Levosimendan ameliorates neuroinflammation 24 h after LPS. A) PCA plot. n = 3 biological replicates/group (each includes 2 mice). B) Differential expression analysis of transcriptional changes in response to LPS exposure and levosimendan treatment post‐LPS. |log2FC| ≥ 1; P adj < 0.05. KEGG enrichment analysis of genes comparing LPS versus Sham C), and LPS + LEV versus LPS D). P adj < 0.05. E) Heatmap depicting the differential expression of inflammation, immunity, and apoptosis‐related genes in the cortex of different groups. F) Representative Iba1 and GFAP immunostaining images in the cortex and hippocampus at 24 h after LPS injection in sham, LEV, LPS, and LPS + LEV groups (blue, DAPI; green, Iba1; red, GFAP; scale bar: 50 µm). n = 6–8/group. G–J) Quantification of the percentage of Iba1 and GFAP immunopositive areas relative to the total image area. K–N) Inflammatory mediator mRNA levels quantified by RT‐qPCR: CCL5, CXCL1, CXCL9, and CXCL10 at 24 h post‐LPS injection. n = 8/group. Statistical analysis: H,I,J,K) One‐way ANOVA; G,L,M,N) Kruskal‐Wallis test. Data are presented as means ± SEM. * p < 0.05, ** p < 0.01 and *** p < 0.001, as indicated.

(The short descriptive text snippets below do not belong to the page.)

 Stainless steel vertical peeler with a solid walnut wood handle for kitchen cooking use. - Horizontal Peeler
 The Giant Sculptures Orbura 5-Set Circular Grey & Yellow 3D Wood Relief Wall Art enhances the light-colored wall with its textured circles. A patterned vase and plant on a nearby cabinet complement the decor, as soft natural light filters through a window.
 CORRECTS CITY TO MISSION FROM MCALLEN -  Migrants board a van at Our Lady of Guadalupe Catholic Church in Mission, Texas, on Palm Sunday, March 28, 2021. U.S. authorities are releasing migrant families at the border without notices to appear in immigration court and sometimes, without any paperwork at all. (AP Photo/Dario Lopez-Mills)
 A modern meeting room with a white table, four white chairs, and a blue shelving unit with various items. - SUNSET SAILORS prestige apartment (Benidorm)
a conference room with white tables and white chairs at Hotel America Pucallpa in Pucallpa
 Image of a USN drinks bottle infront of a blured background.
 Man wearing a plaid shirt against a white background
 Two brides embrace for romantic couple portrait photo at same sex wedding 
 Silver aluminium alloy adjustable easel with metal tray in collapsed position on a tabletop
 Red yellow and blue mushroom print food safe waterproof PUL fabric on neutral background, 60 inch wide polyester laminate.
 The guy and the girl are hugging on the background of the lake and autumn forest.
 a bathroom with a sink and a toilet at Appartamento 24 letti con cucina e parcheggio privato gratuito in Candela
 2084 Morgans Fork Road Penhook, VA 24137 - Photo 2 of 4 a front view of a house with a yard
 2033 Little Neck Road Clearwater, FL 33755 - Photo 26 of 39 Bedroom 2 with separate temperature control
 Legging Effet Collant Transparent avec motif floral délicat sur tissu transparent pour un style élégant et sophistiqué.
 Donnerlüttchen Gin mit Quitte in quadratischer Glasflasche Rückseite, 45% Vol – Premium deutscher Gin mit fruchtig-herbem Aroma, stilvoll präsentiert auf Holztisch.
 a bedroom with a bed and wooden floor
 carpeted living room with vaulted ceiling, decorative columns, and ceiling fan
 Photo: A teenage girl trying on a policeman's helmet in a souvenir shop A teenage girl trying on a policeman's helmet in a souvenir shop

Our immunofluorescence staining showed that acute systemic LPS exposure increased the Iba1+ area in both the cortex and hippocampus, as well as the GFAP+ area in the cortex, suggesting hyperactivation of microglia and astrocytes. Levosimendan treatment, in contrast, suppressed the glial activation induced by LPS, in line with the anti‐inflammatory effects observed in RNA‐seq (Figure 6F–J). To determine whether levosimendan alleviates neuroinflammation by enhancing glymphatic function, we administered the glymphatic inhibitor TGN‐020 at 30 min after LPS induction. Notably, qPCR data indicated that TGN‐020 completely abolished levosimendan's suppressive effects on LPS‐induced elevation of pro‐inflammatory chemokines (CCL5, CXCL1, CXCL9, and CXCL10) (Figure 6K–N). Our findings establish glymphatic function as a critical mediator of levosimendan's anti‐neuroinflammatory efficacy in SAE.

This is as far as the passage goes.